"Look at me once more, sir," said Antonio, trying to steady his faltering voice, "and turn back a few pages in your life's history. Think of a little garden, and of an old lime-tree beneath whose leafy roof you often sat, while the sweet tones of an organ thrilled through the summer air."

The old man's eyes shone more brightly, and his lips trembled.

"Antonio!" he stammered out, "Antonio!" and his white head sank on the shoulder of his favourite pupil, who knelt before him with his arm wound in filial tenderness round the childless man.

"Oh, Antonio! I have lost my child to-day, only to-day. She would not let me go alone to the distant north, to which some luckless impulse drove me in my old age, and so she came with me on my toilsome journey. Today we struck on a hidden reef, and the same wave which dashed her against the dark rock drove me, despite my struggling, on this barren strand, though I would fain lie with my darling child below the waves."

The old man covered his face with his hands, and Antonio did not venture on any words of consolation.

"If I could even find her corpse," said the poor old man at last, "I could bury her at home; but even the sad consolation of visiting her grave is denied me."

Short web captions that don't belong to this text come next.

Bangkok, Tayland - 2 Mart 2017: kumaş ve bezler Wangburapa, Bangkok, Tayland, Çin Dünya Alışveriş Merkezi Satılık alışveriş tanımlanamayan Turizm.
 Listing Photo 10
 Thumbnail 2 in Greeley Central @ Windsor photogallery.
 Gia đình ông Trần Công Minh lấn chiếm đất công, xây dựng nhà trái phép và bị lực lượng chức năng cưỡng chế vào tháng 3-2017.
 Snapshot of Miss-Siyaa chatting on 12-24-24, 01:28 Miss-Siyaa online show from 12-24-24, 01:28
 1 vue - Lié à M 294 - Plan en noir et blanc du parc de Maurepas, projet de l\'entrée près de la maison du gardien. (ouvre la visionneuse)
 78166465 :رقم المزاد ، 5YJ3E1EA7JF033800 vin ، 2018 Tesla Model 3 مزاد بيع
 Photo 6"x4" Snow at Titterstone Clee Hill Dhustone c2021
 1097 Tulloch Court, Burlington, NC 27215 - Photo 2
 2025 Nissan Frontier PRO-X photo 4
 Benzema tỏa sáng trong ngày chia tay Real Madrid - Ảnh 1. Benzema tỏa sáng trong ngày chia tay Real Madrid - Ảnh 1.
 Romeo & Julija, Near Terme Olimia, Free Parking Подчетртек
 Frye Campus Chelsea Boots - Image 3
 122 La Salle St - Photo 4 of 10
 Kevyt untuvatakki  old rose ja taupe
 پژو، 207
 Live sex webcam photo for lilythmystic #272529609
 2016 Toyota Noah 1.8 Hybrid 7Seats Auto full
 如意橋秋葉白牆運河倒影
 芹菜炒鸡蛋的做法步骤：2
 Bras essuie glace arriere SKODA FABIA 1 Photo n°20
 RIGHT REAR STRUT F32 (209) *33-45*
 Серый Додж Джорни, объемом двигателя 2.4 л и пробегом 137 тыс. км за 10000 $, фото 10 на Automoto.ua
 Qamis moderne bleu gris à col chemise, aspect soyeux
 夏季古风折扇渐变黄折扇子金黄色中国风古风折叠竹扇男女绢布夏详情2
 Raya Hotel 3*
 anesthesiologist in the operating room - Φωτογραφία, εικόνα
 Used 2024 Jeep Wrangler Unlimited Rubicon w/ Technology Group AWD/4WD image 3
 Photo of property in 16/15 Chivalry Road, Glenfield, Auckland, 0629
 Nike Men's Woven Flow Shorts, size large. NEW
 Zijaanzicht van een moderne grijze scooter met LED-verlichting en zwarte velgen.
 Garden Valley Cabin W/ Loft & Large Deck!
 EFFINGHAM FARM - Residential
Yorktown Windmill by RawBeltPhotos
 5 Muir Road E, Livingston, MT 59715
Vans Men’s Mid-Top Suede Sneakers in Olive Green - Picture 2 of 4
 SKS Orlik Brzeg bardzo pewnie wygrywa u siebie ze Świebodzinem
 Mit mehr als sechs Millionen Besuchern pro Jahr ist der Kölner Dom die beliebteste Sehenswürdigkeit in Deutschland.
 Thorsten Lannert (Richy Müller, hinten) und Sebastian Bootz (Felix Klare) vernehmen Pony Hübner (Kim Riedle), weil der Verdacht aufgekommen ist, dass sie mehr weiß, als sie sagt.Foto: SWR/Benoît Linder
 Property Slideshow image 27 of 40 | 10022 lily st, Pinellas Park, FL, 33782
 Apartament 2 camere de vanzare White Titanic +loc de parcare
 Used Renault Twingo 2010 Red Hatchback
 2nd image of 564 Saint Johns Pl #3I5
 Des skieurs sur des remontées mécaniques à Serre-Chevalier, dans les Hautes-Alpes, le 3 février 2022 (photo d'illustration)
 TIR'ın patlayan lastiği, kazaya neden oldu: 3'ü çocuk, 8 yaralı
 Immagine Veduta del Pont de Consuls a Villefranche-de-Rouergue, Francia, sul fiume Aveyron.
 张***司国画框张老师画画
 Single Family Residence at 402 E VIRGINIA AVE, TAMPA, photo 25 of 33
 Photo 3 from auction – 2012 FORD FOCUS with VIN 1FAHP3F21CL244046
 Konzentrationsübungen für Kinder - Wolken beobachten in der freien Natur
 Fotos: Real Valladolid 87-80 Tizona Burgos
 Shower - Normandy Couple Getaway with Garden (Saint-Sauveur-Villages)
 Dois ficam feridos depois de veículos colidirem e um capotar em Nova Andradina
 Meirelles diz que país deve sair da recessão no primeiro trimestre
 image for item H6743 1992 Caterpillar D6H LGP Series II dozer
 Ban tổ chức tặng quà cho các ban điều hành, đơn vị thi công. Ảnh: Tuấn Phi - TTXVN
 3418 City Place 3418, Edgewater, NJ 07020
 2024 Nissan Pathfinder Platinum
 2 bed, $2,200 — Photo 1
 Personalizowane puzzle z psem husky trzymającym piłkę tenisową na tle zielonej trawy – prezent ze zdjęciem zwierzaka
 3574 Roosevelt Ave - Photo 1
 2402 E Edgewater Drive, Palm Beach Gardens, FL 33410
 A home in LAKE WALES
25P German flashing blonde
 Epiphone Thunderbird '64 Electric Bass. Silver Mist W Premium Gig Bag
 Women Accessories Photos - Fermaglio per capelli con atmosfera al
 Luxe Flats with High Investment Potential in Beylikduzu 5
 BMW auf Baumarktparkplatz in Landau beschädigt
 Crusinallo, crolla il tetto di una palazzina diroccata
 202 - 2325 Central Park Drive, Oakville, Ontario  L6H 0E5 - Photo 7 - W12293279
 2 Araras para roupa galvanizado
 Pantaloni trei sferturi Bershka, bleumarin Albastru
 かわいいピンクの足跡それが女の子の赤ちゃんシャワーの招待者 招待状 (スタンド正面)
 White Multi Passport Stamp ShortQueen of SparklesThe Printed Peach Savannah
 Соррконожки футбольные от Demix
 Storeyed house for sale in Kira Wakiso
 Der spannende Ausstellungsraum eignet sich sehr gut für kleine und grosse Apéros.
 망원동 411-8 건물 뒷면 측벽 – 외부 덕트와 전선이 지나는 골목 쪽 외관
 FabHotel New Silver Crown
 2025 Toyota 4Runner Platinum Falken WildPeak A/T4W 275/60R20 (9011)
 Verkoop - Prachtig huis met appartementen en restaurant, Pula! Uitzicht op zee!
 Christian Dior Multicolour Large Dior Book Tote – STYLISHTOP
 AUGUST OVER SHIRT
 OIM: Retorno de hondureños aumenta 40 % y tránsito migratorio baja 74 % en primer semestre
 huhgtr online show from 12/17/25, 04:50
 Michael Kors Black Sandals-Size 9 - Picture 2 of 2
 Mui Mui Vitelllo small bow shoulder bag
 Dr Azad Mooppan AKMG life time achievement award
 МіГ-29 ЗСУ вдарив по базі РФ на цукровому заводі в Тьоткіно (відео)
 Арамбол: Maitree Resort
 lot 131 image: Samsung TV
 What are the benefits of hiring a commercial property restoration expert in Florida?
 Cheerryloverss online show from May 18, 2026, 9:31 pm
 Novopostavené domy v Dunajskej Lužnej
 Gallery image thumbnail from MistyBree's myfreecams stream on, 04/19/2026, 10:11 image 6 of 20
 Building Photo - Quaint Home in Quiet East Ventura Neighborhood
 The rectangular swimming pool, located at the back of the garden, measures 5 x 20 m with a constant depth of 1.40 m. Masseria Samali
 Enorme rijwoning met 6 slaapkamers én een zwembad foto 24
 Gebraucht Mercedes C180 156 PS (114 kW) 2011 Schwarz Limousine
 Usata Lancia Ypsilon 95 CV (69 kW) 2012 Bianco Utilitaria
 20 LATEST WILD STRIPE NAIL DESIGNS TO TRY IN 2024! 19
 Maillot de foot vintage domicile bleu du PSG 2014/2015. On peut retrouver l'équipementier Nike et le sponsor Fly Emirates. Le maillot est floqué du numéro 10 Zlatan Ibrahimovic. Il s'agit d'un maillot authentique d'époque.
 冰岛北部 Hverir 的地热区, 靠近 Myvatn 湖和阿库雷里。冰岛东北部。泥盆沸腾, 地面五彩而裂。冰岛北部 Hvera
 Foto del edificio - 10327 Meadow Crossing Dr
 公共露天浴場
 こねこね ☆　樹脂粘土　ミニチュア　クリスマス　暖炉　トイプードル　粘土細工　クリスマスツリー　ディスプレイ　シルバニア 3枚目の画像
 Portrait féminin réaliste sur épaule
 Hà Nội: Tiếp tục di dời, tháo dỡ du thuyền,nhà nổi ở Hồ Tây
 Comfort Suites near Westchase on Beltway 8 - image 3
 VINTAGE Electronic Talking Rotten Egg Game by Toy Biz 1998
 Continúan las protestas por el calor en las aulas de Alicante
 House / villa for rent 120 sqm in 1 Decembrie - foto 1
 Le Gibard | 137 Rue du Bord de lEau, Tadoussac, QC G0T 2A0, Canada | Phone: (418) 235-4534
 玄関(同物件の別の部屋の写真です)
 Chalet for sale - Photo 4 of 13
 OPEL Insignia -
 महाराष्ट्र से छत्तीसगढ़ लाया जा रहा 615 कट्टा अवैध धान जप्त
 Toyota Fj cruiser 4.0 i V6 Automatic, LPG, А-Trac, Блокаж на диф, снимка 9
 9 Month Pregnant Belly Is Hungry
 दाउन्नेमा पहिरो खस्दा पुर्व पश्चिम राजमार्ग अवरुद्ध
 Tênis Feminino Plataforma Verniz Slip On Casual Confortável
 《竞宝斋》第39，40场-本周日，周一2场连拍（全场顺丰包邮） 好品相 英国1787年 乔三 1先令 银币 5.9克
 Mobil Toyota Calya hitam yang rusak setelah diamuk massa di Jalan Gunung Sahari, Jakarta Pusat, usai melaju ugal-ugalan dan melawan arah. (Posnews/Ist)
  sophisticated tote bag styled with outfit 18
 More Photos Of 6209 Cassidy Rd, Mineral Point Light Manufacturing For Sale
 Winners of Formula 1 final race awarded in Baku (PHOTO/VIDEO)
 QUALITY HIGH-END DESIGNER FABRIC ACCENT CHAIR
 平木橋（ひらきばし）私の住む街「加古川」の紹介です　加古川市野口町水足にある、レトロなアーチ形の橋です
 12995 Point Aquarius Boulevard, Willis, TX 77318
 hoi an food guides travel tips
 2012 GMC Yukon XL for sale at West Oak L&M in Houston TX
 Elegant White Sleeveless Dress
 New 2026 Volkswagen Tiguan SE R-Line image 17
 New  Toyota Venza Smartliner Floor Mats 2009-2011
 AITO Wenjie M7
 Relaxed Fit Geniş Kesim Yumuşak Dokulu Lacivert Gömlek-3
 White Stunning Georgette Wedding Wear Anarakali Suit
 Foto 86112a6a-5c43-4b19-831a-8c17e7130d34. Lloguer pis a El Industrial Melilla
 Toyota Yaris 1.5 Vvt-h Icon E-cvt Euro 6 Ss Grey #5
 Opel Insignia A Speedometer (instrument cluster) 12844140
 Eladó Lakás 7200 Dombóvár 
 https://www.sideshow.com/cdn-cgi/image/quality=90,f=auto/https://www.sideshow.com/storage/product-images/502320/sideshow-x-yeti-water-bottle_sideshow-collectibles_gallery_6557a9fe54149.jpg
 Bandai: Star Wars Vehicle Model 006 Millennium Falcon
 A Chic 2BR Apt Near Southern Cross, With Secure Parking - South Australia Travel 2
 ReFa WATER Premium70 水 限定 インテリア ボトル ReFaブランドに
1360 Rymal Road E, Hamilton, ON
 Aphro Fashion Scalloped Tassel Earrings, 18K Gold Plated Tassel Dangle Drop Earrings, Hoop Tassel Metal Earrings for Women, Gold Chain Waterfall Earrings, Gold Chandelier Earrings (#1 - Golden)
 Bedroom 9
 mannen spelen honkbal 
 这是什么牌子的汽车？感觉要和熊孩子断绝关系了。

"She has found a better resting-place than you could give her," said Antonio—"she sleeps on a golden bed; a coral grove surrounds the spot; corruption has no power over her fair features, and no worm can touch her. Amid noble companions she slumbers, while the sunbeams kiss her snowy eyelids, and the warm waters of the Gulf Stream flow gently over her."

"How do you know all this, Antonio?" asked the old man in astonishment.

And Antonio told him about that evening when he met the beautiful sea-fairy at this very rock, and descended with her into her ocean kingdom, there to live in forgetfulness of home and friends, until, awakened by what he had seen and felt to-day, the old memories acquired new power over him, and throbbed more strongly than ever in his soul.